Çoban; Başbakan'ın 'bakan yakınları, aday olamazlar' yasağına
rağmen Ali Babacan'ın akrabası olan Nusret Yurter'i destekledi. Ama
Genel Merkez'dekiler yoğun olmalı ki, ilgilenmediler. Sonra
Burhanettin Çoban beni telefonla aradı, tehditvari konuşmalar
yaptı. 'Kim olursa olsun Nusret Yurter belediye başkanı olacak,
buna kimse mani olamaz' dedi. Orada ipler koptu.

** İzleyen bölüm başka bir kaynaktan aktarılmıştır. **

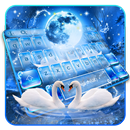 APK Magical Night Swan Couple Keyboard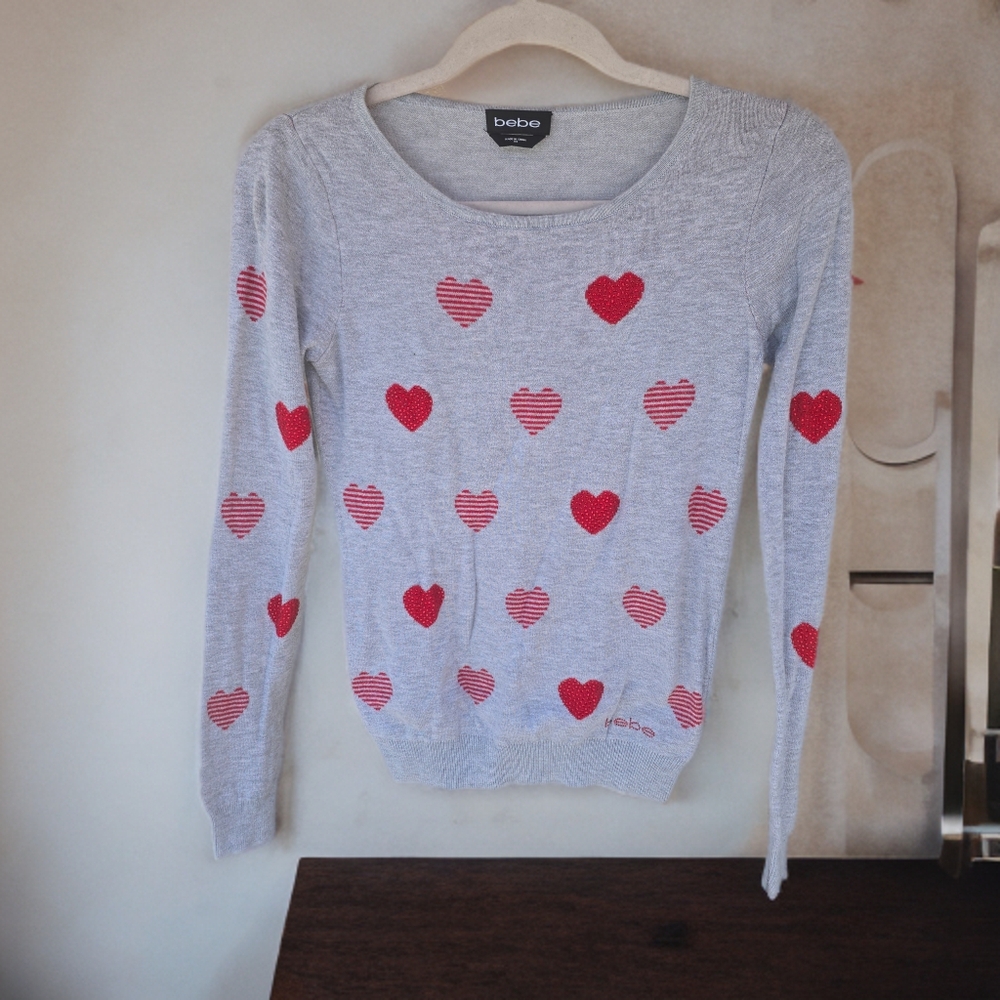 Bebe Gray Sweater with Red Heart Pattern Size XS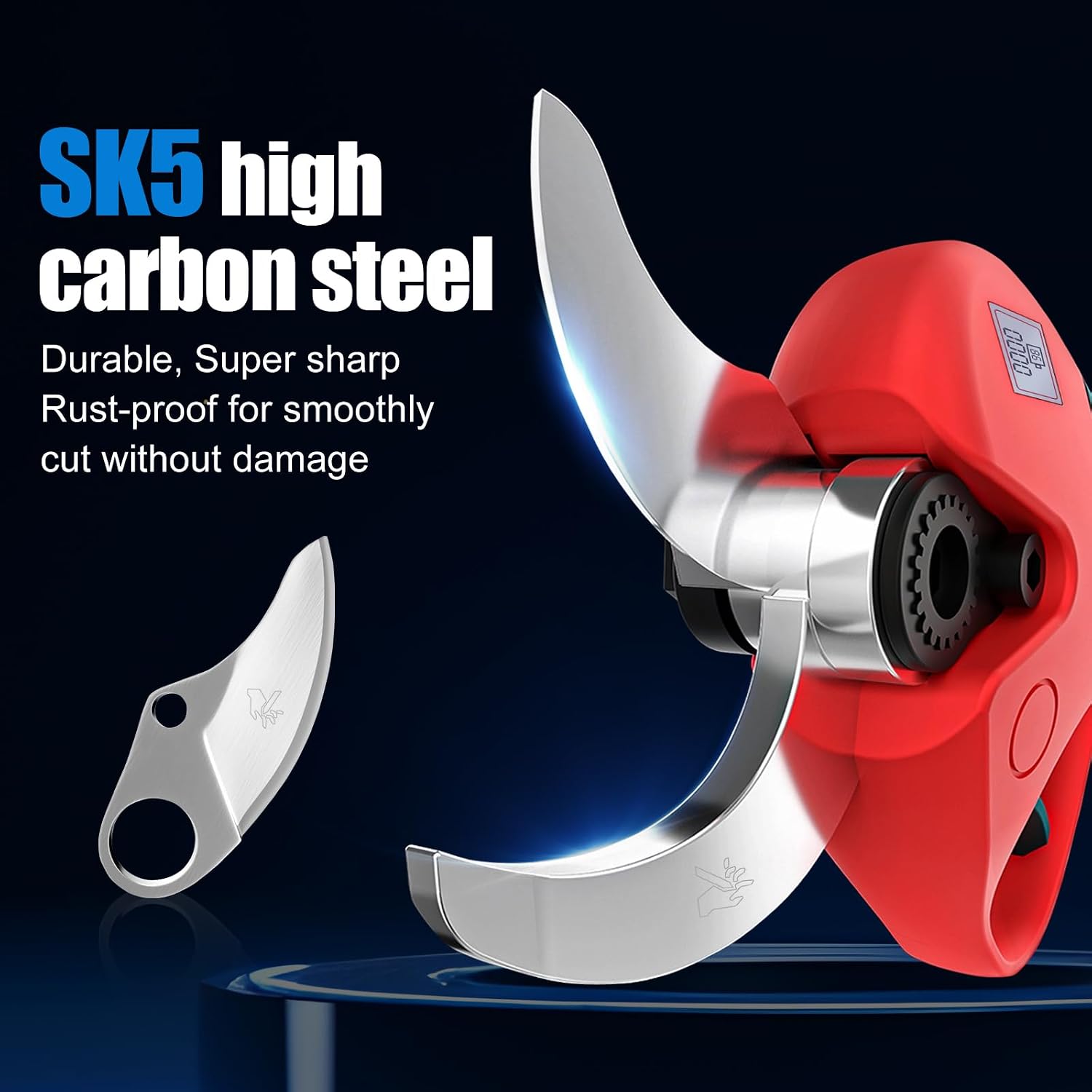 Electric Pruning Shears Cordless, 1.6'(40mm) Cordless Pruner, 2Pcs 2000mAh Battery Operated Pruning Shears & Electric Tree Pruner, SK5 Steel Blades Battery Powered Pruning Shears JOVANT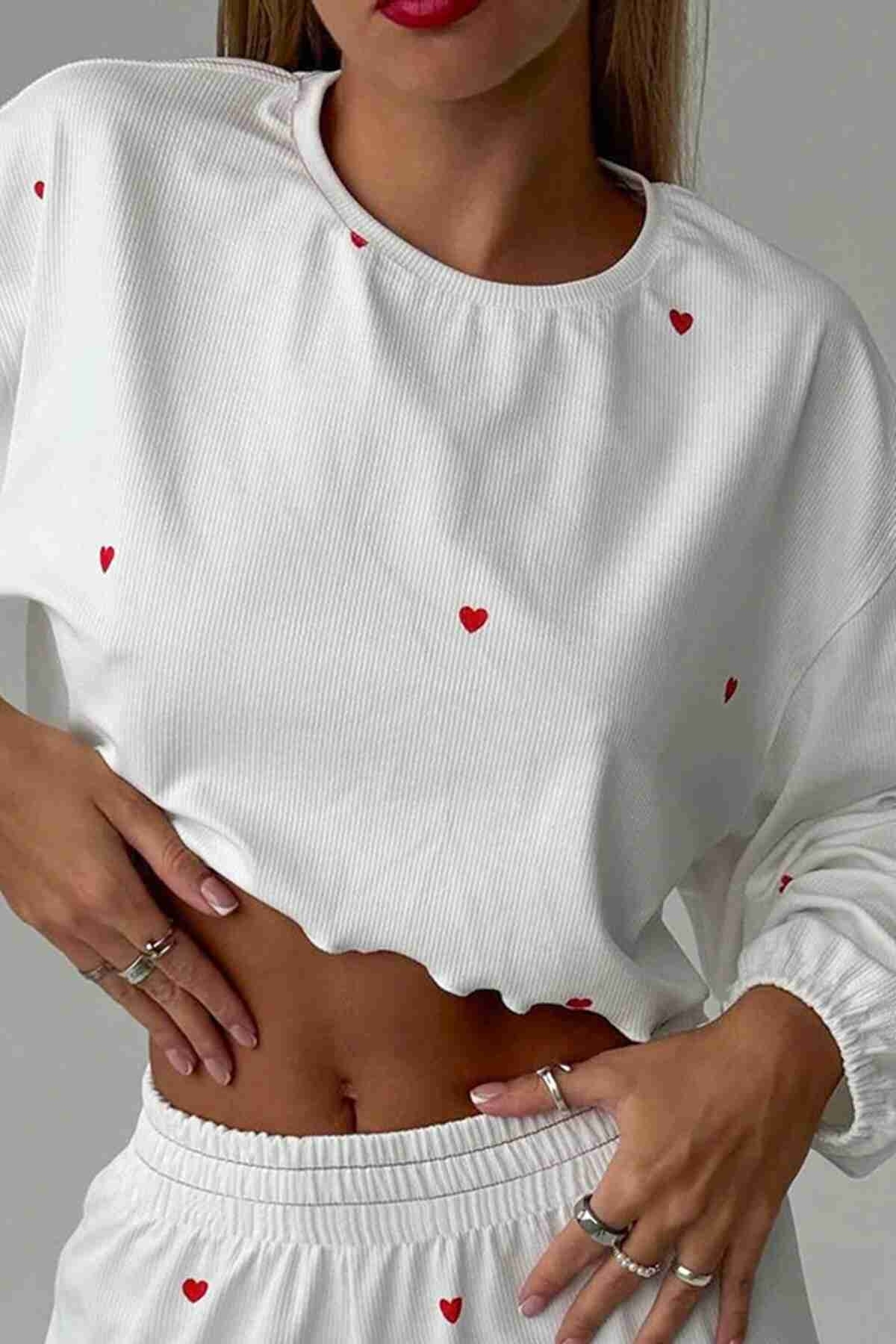 Kalp Baskılı Uzun Kollu İnce Kumaş Dökümlü Pijama Takımı Merry See MS2386 Beyaz - Beyaz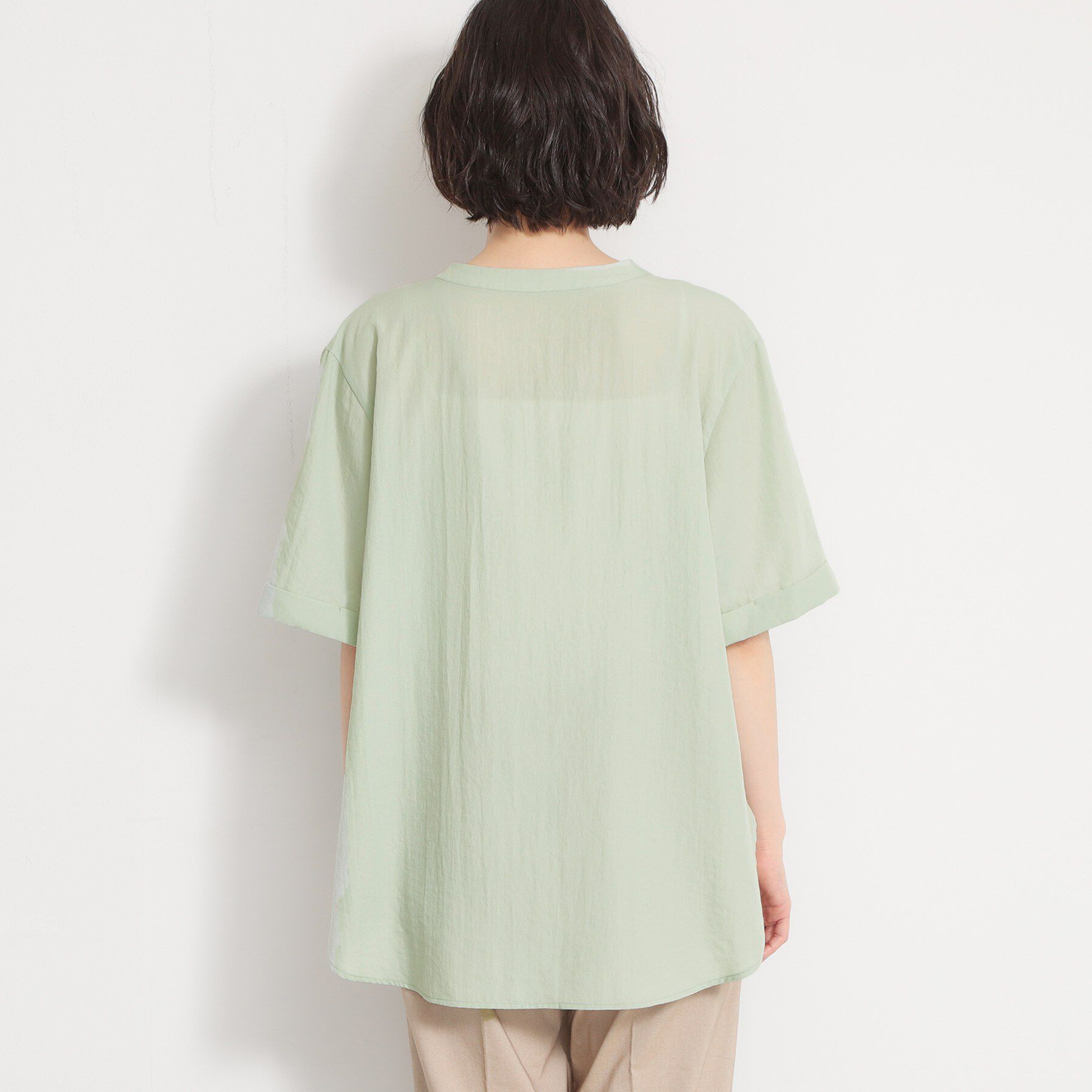 THE SHOP TK「【M-XL/刻みネックですっきり見え】Wポケット金ボタン 5分袖シャツ」|シャツ・ブラウス|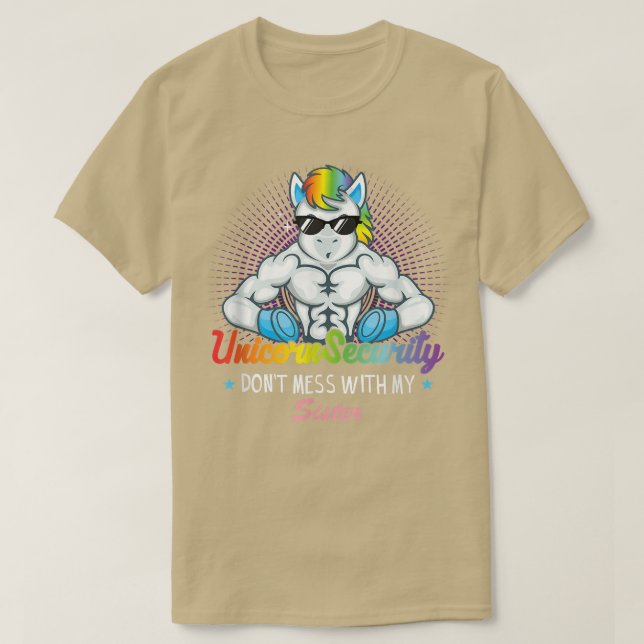 Unicorn Security Muscular Brother Don't Mess With  T Shirt (Design framsida)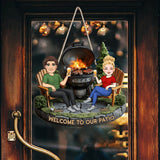 Welcome To Our Patio - Personalized Couple Custom Shaped Wood Sign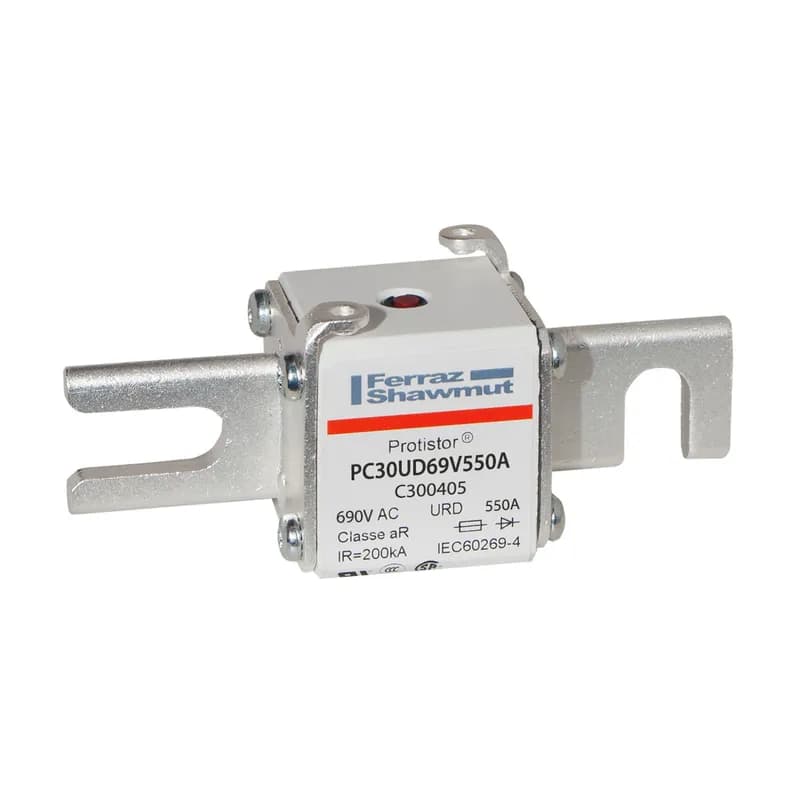 Square Body High-Speed Fuse Protistor® Size 30 aR 690VAC IEC 700VAC UL 550A With Striker DIN 80 Blades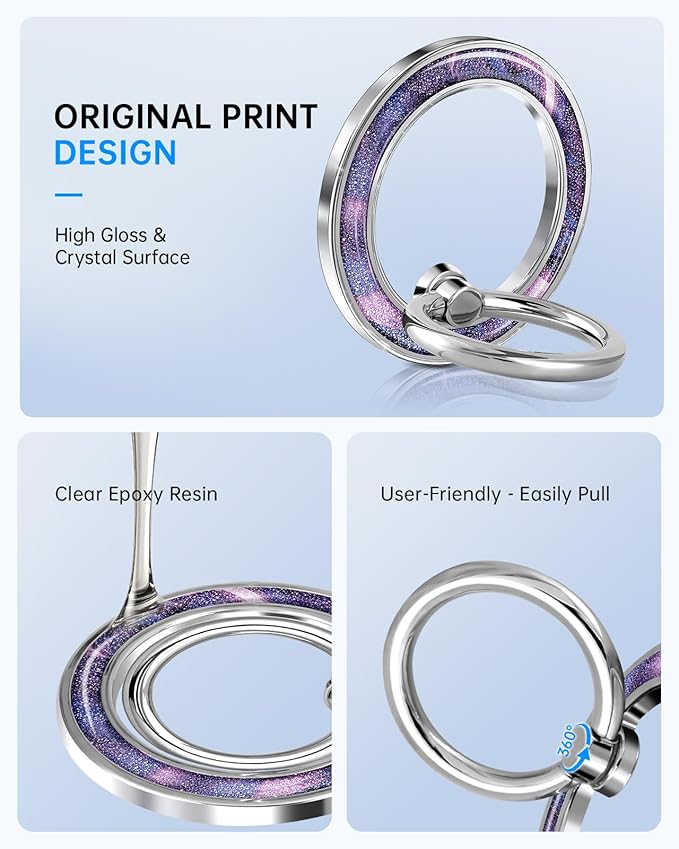 Magnetic Phone Ring Holder Compatible with MagSafe - Cell Phone Grip Magnet Removable Finger Ring Grip Stand Cute Girly Kawaii Design for iPhone 17 Pro Max 16 15 14 13 12 Series Quicksand
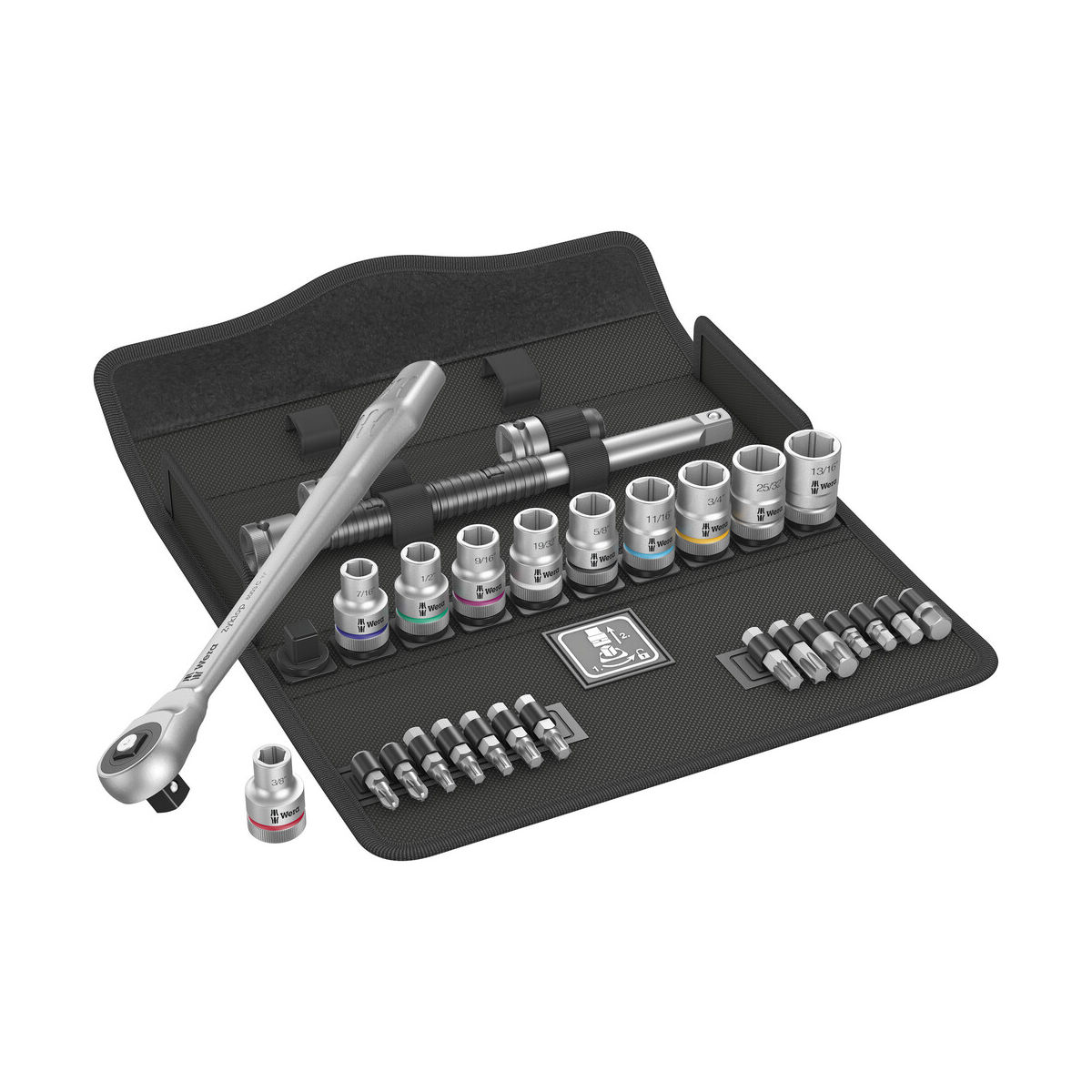 8100 SC 10 Zyklop Metal-Knarrensatz, Durchsteckvierkant, 1/2″-Antrieb, zöllig, 28-teilig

Bana açık açık,
'Bakanlıklara gitmesen iyi olur' dedi. Kendisi de bunu itiraf
ediyor zaten. * Buna nasıl tepki verdiniz? 'Sen nasıl bir il
başkanısın? Millet bana görev vermiş; gece de giderim, gerekirse
sabaha kadar da bakanlıkta otururum. Bayağı bir şekilde
konuşacağına, yanlış anlayanlar varsa sustur' dedim. Bu kavganın
namusla ilgili tek konusu da budur. Bana bir iftira atmış olsaydı,
dünyayı başına yıkardım zaten. * Siz bunu namusunuzla ilgili bir
itham olarak görmediniz yani... Eğer bir il başkanı bunu
söylüyorsa, teşkilatta kaynayan kazanın fitne yuvası olduğunun bir
göstergesidir bu. Aslında bu konu üzerinde durmak istemiyorum çünkü
benim bakış açım siyasi boyutta. Diğer boyutlara varırsa iş, çok
bayağılaşır. Onların istediği zaten bu. Öyle bir iddiası varsa
çıksın ispatlasın. Zaten öyle bir iddiası olmuş olsaydı yedi
sülalem Afyon'da; ne eşime bırakırdım bunu, ne de aileme... Kendim
çeker vururdum. * Başınızın açık olması, tırnaklarınızın ojeli
olmasıyla itham edildiğiniz yazılıp çizildi hep... Burhanettin Bey
kadına saygısızdı. Kadının kendinden üstün olmasını, kadının belli
bir yerde olmasını istemezmiş gibi birtakım tavırlar içerisine
girdi. Beni anons ederken 'Reyhan Bey' falan diyordu. Sonra da
'Kusura bakmayın alışamadık' diyordu. * Siz yolsuzluk iddialarıyla
da uğraşmışsınız, olay biraz da bundan mı büyüdü? İl teşkilatının
adı karışmış bir rüşvet olayına. İl başkanımız Çoban da 'Biz parayı
iade ettik' diyor. Netice itibariyle para alınmış! Ama olaya adı
karışan kişilerle ilgili Burhanettin Bey işlem yapmadı bile. * Bu
kavgalar Erdoğan'ın yanına kadar uzadı, öyle değil mi? 3
milletvekili; Mahmut Koçak, İbrahim Hakkı Aşkar, ben ve Belediye
Başkanımız Abdullah Kaptan, Başbakanlık Konutu'na çağrıldık.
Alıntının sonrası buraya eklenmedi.